Section 982 of Dodd-Frank amended the Sarbanes-Oxley Act of 20022 to authorize PCAOB, among other things, to establish, subject to approval by the Commission, auditing and related attestation, quality control, ethics, and independence standards to be used by registered public accounting firms with respect to the preparation and issuance of audit reports to be included in broker and dealer filings with the Commission pursuant to Rule 17a-53 under the Exchange Act of 19344 (“Exchange Act”). The amendments directly impact certain Commission rules, regulations, releases, and staff bulletins related to brokers and dealers and certain provisions in the federal securities laws for brokers and dealers, which refer to Generally Accepted Auditing Standards (“GAAS”) and to specific standards under GAAS (including related professional practice standards). There may be confusion on the part of brokers, dealers, auditors, and investors with regard to the professional standards auditors should follow for reports filed and furnished by brokers and dealers pursuant to the federal securities laws and the rules of the Commission. The Commission is considering a rulemaking project to update the audit and related attestation requirements under the federal securities laws for brokers and dealers, particularly in light of the Dodd-Frank Act. In addition, the PCAOB has not yet revised its rules, which currently refer only to issuers, to require registered public accounting firms to comply with PCAOB standards for audits of non-issuer brokers and dealers.

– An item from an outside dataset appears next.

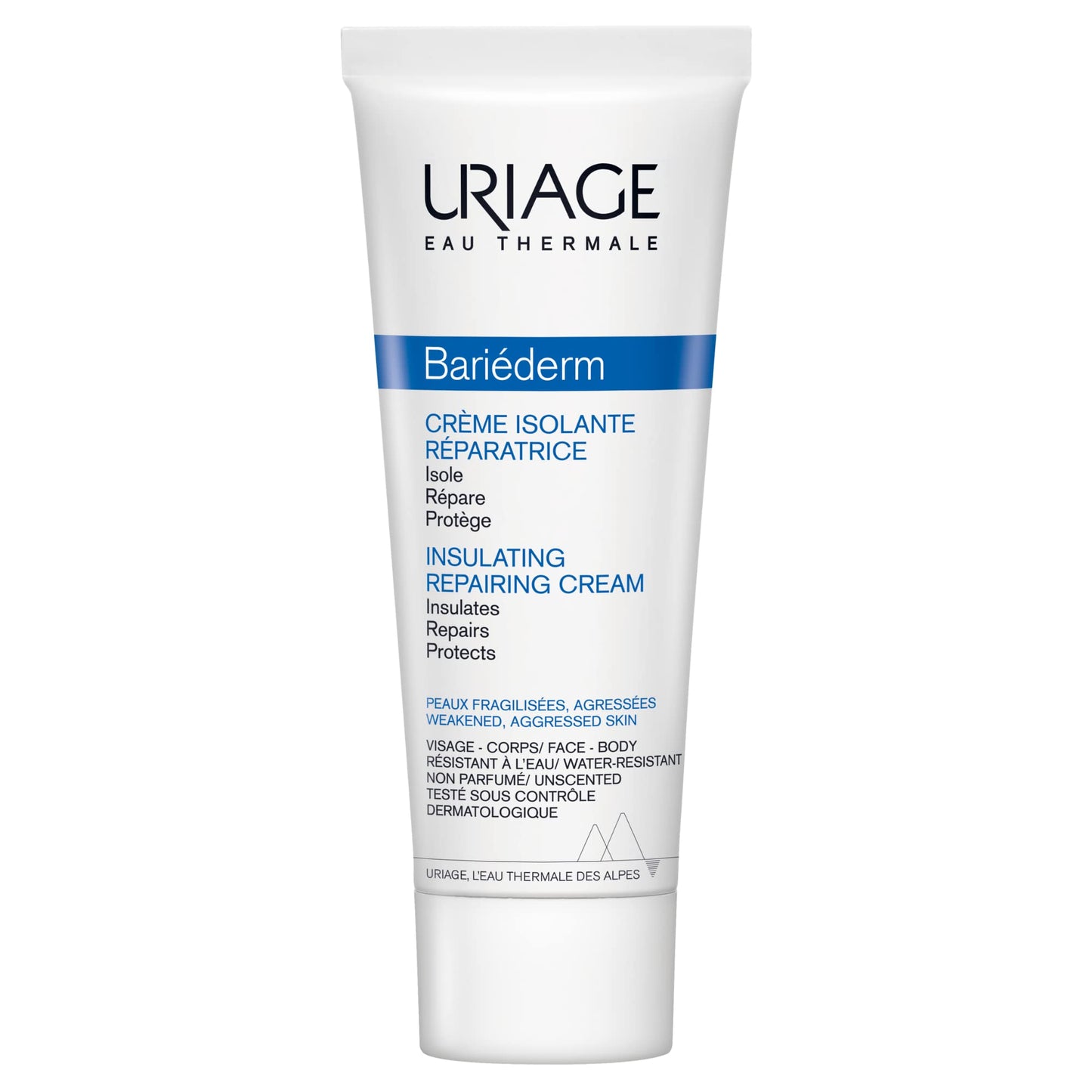 URIAGE Bariederm Insulating Repairing Cream 2.5 fl.oz. | Skin Regenerating Moisturizer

As a result, the Commission is providing transitional guidance with respect to its existing rules regarding non-issuer brokers and dealers. Specifically, references in Commission rules and staff guidance and in the federal securities laws to GAAS or to specific standards under GAAS, as they relate to non-issuer brokers or dealers, should continue to be understood to mean auditing standards generally accepted in the United States of America, plus any applicable rules of the Commission. The Commission intends, however, to revisit this interpretation in connection with its rulemaking project referenced above.